STORED DATA:
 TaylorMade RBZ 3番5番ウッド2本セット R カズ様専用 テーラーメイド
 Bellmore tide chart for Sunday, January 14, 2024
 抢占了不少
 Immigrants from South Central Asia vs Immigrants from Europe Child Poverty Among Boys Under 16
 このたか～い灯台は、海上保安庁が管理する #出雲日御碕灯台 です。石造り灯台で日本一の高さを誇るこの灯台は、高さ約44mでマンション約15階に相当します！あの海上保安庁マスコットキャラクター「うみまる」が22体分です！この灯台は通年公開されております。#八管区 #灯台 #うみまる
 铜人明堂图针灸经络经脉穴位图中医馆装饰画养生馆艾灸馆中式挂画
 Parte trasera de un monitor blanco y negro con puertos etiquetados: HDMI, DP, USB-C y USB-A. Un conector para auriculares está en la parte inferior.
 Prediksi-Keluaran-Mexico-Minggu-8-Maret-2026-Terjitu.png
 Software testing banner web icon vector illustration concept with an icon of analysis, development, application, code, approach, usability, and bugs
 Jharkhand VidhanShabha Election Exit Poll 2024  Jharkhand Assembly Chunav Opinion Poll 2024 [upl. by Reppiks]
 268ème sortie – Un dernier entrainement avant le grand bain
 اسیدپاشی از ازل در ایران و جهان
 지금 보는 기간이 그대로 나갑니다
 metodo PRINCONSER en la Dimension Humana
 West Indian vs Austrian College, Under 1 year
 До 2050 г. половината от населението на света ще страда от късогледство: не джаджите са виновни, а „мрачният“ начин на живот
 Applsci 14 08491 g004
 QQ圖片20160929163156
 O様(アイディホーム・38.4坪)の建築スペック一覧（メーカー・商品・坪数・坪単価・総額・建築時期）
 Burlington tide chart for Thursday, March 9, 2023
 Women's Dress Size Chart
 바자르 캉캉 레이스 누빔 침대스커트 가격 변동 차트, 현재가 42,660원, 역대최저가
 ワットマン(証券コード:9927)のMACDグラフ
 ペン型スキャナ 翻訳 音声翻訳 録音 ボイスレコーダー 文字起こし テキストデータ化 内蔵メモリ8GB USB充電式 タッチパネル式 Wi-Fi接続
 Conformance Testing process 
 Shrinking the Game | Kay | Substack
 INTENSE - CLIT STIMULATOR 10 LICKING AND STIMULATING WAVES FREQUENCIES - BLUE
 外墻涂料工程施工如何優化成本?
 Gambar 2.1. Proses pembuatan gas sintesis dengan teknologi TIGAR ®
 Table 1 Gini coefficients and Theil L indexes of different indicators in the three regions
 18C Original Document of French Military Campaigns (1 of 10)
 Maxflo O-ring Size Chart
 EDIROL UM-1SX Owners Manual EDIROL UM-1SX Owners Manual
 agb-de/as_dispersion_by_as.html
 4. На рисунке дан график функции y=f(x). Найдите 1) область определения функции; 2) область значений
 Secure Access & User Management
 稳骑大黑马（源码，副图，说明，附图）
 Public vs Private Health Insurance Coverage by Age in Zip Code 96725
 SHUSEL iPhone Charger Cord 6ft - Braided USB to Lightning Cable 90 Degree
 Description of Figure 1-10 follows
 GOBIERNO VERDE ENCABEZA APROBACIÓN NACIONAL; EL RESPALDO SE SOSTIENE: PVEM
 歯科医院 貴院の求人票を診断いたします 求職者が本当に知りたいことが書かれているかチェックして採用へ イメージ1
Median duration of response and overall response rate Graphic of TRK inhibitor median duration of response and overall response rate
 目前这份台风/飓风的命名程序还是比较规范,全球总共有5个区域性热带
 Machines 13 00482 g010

PROMPT: Begin with the line containing "Jharkhand VidhanShabha Election" and retype it and each line after it through the end of the records, keeping them exact and including nothing more.

ANSWER TO THE EXERCISE:
 Jharkhand VidhanShabha Election Exit Poll 2024  Jharkhand Assembly Chunav Opinion Poll 2024 [upl. by Reppiks]
 268ème sortie – Un dernier entrainement avant le grand bain
 اسیدپاشی از ازل در ایران و جهان
 지금 보는 기간이 그대로 나갑니다
 metodo PRINCONSER en la Dimension Humana
 West Indian vs Austrian College, Under 1 year
 До 2050 г. половината от населението на света ще страда от късогледство: не джаджите са виновни, а „мрачният“ начин на живот
 Applsci 14 08491 g004
 QQ圖片20160929163156
 O様(アイディホーム・38.4坪)の建築スペック一覧（メーカー・商品・坪数・坪単価・総額・建築時期）
 Burlington tide chart for Thursday, March 9, 2023
 Women's Dress Size Chart
 바자르 캉캉 레이스 누빔 침대스커트 가격 변동 차트, 현재가 42,660원, 역대최저가
 ワットマン(証券コード:9927)のMACDグラフ
 ペン型スキャナ 翻訳 音声翻訳 録音 ボイスレコーダー 文字起こし テキストデータ化 内蔵メモリ8GB USB充電式 タッチパネル式 Wi-Fi接続
 Conformance Testing process 
 Shrinking the Game | Kay | Substack
 INTENSE - CLIT STIMULATOR 10 LICKING AND STIMULATING WAVES FREQUENCIES - BLUE
 外墻涂料工程施工如何優化成本?
 Gambar 2.1. Proses pembuatan gas sintesis dengan teknologi TIGAR ®
 Table 1 Gini coefficients and Theil L indexes of different indicators in the three regions
 18C Original Document of French Military Campaigns (1 of 10)
 Maxflo O-ring Size Chart
 EDIROL UM-1SX Owners Manual EDIROL UM-1SX Owners Manual
 agb-de/as_dispersion_by_as.html
 4. На рисунке дан график функции y=f(x). Найдите 1) область определения функции; 2) область значений
 Secure Access & User Management
 稳骑大黑马（源码，副图，说明，附图）
 Public vs Private Health Insurance Coverage by Age in Zip Code 96725
 SHUSEL iPhone Charger Cord 6ft - Braided USB to Lightning Cable 90 Degree
 Description of Figure 1-10 follows
 GOBIERNO VERDE ENCABEZA APROBACIÓN NACIONAL; EL RESPALDO SE SOSTIENE: PVEM
 歯科医院 貴院の求人票を診断いたします 求職者が本当に知りたいことが書かれているかチェックして採用へ イメージ1
Median duration of response and overall response rate Graphic of TRK inhibitor median duration of response and overall response rate
 目前这份台风/飓风的命名程序还是比较规范,全球总共有5个区域性热带
 Machines 13 00482 g010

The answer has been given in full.